Sowing prisons means reaping convicts. It's another form of deficit spending. If the authorities can't control drugs and social decay, I wonder why they say building more prisons will help solve these problems. That's like saying building hospitals will stop disease. Prisons are results, not preventative measures.

— Dannie Martin, “Committing Journalism”

I had gone to bed secure in the knowledge that tomorrow would be Saturday and the prison would be on its free and easy weekend schedule. A light breakfast wouldn't be served until 7:00 AM and if you wanted to sleep in, there would be a brunch at 10:30. I was rudely awakened at 3:30 AM with a firm shake of my foot by a black, female duty-guard.

“C'mon now. You got to be in the kitchen in 20 minutes.”

“What for?” I wanted to know.

“'Cause that's where you be workin' now. Let's get movin'.”

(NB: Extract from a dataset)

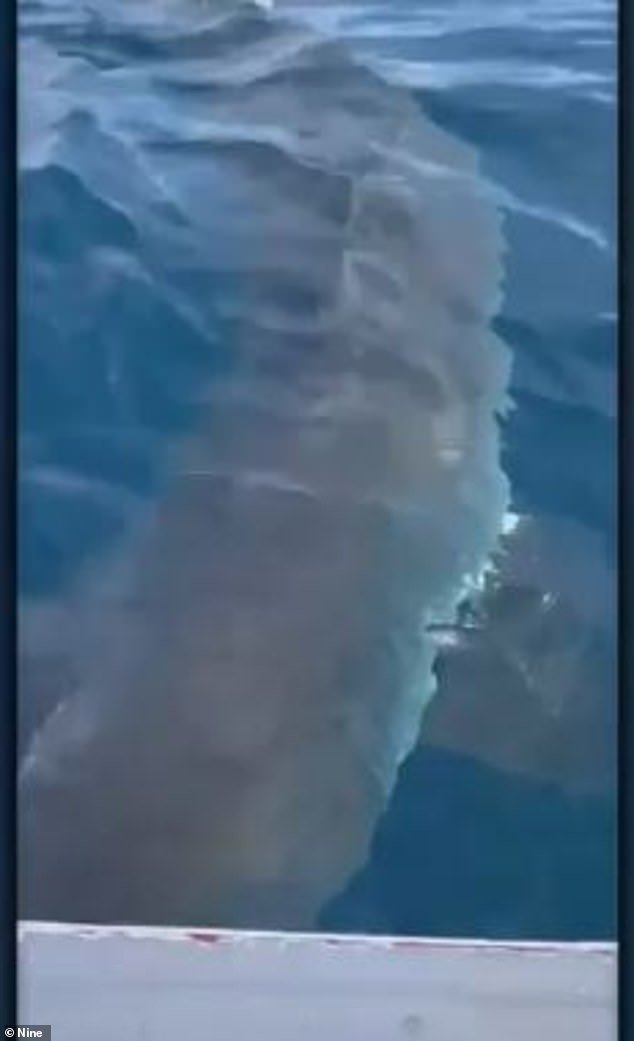 어부들이 마주친 백상아리는 배 주변을 배회하다 갑자기 공격적으로 변했다. (데일리메일 갈무리) © 뉴스1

“Goddam, ma'am, they could have let me know.”

“It was posted on the duty roster,” she said. It was the first time I ever heard of the duty roster. “But if you'd rather not go to the kitchen, they's room in the hole for you.”

Holy shit. I considered my options, got dressed and headed for the kitchen where I just stood around until one of the supervisors noticed my presence. I was told that I am going to be the new “diet cook” and it will be my job to make up bland, low-sodium and vegetarian food plates for the jail and hospital units, after which I will serve up the same sort of plates to those inmates with diet cards during the regular meals. Imagine the thrill of it! But I would have to wait until after the morning meal for my training to begin. In the meantime, I was told to assist “Too Sweet” in cracking open 13 cases of eggs into two giant vats for the morning omelets. Each case had 144 eggs in it.

“Too Sweet” is a tall, calm and nice looking black man in his late twenties. He has come to California from Miami to make it in the record business as a singer-songwriter, but his career has been temporarily side-lined by a parole violation. He forgot to get permission to leave Miami. Soon we are talking music and Too Sweet sings one of his compositions for me, “Don't Blame It On the White Man,” an ode to his fellow black men to take personal responsibility for their lot in life. Just what I need on this morning of mornings, but I soon discover that he really does have a fine voice, mellow and melodic, along with the built-in sense of rhythm I never had but is common to a lot of people whose skin color is other than white. Pretty soon he is snapping his fingers and creating a counter rhythm with the crack of the eggs, and I join in as best I am able, pleased to have found such pleasant company in my first kitchen endeavor.

My first month at the Federal Correctional Institute (FCI) Terminal Island was a hard one. I struggled with my 3:30 AM wake ups, and though I became competent as the diet cook, it was boring as hell. After 3 weeks in C-Unit, sharing my quarters with Chris, I was moved out of the drug unit into D-Unit where I missed Chris, my second floor view of the harbor and the warm camaraderie of the addicts. I seemed to at least have some sort of bond with many of the druggies, even though one of them had stolen a pair of my sunglasses. My Cuban bunk mate in D-Unit listened to Spanish broadcast radio throughout the night, but was cool about turning it down when I asked him to. Across from me was a sullen and quiet George Manuel Bosque, the famous Brinks robber. Known as the “Dog” Unit, D-Unit was perennially called last for the evening meal, no one gave a shit about winning the inspections.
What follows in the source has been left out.